Wetlands could remove viruses from wastewater
A wetlands complex could be the simplest, most natural way to remove human viruses and bacteria from Gisborne’s treated wastewater.
Medical Officer of Health Dr Bruce Duncan, who chairs the Wastewater Technical Advisory Group (WTAG), says using plants and sunlight in the design of a wetland makes sense.
He and fellow WTAG member molecular biologist John Mackay are looking at how simple things like plants, sunlight, bark chips and some metals could help naturally destroy viruses and bacteria in the environment.
“We know sunlight, our natural UV, kills viruses. Rather than blasting treated wastewater with an electrically powered UV disinfection system, we could use sunlight as it flows within wetlands,” Dr Duncan says.
Their work is part of Gisborne District Council’s joint-funded trials to see if a wetlands complex is a realistic alternative to ultraviolet disinfection. This was to be added to the city’s wastewater treatment by the end of 2014 but WTAG recommended a wetland as the best alternative. By 2020, WTAG and Gisborne District Council hope to see the city’s treated wastewater – also called effluent – flow to land instead of sea. Wastewater treatment is being upgraded to ensure cleaner water in the bay.
Dr Duncan says domestic sewage contains a variety of bugs, including bacteria and viruses. These can be divided into the normal, beneficial organisms in everyone’s gut, and those causing disease.
“We want to protect human health and wellbeing by removing these bacteria and viruses.”
Current wastewater treatment has some impact on viruses but some go through the biological trickling filter (BTF) unchanged and will survive in the environment.
“A lot of viruses, including norovirus, which causes diarrhoea and vomiting, will die if water remains in a wetland for three days. But other viruses like adenovirus – a cause of colds, rashes and diarrhoea – can survive for up to 60 days. Adenovirus won’t be wiped out by the BTF. When we remove adenovirus from domestic wastewater, we can be confident we have got rid of many other viruses.”

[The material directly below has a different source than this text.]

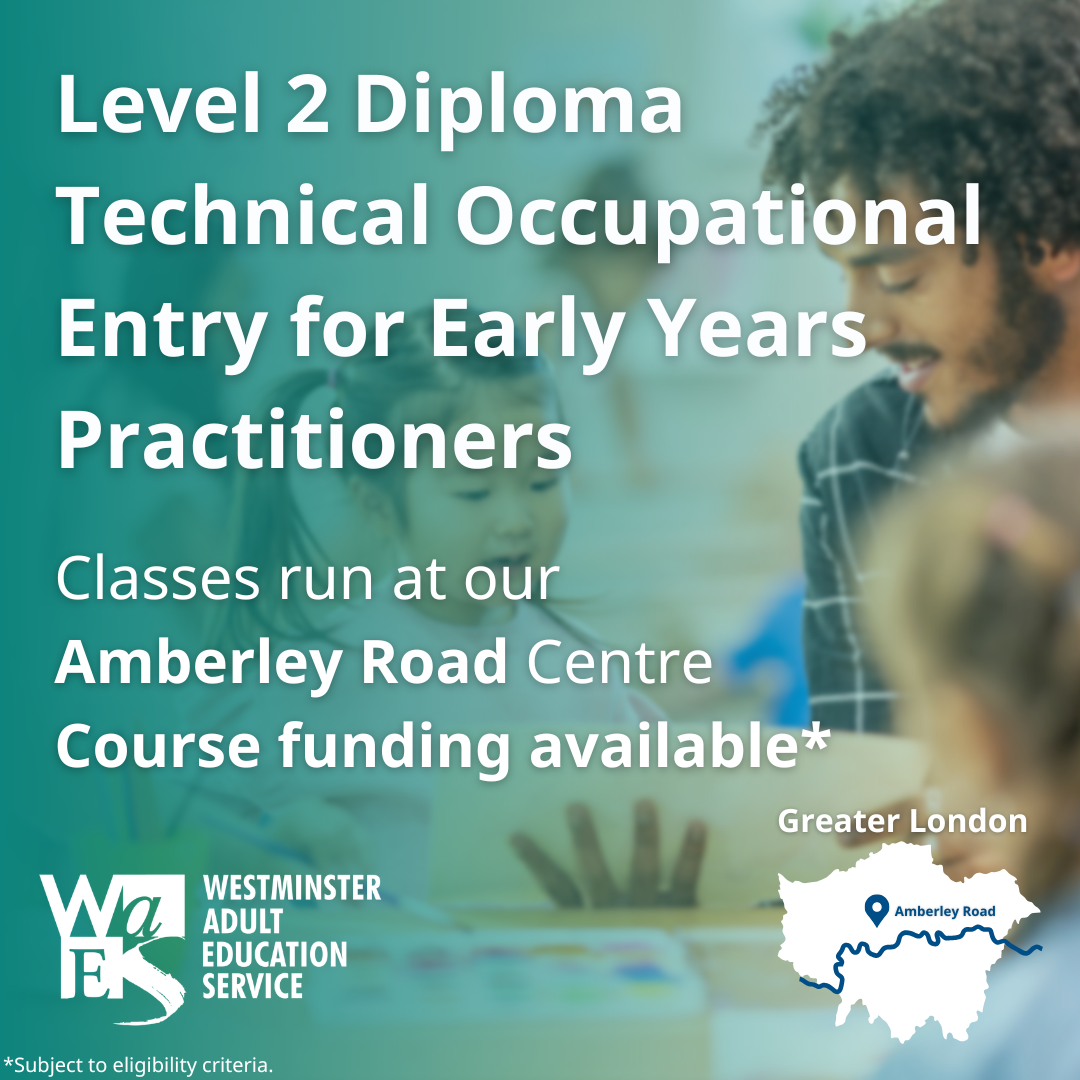 Westminster Adult Education Service Facebook ad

Mr Mackay’s tests show the BTF is taking out 90 percent of bacteria and viruses.
“But the remaining 10 percent is still a lot, hence the need for a final clean-up step through wetlands. Being smaller and more robust, viruses are typically not removed by the BTF as efficiently as bacteria. We want to know how well the wetlands trial plant deals with viruses."
John Mackay (left) and Dr Bruce Duncan check the growth of plants growing in barrels as part of a trial at the Gisborne Wastewater Treatment Plant site.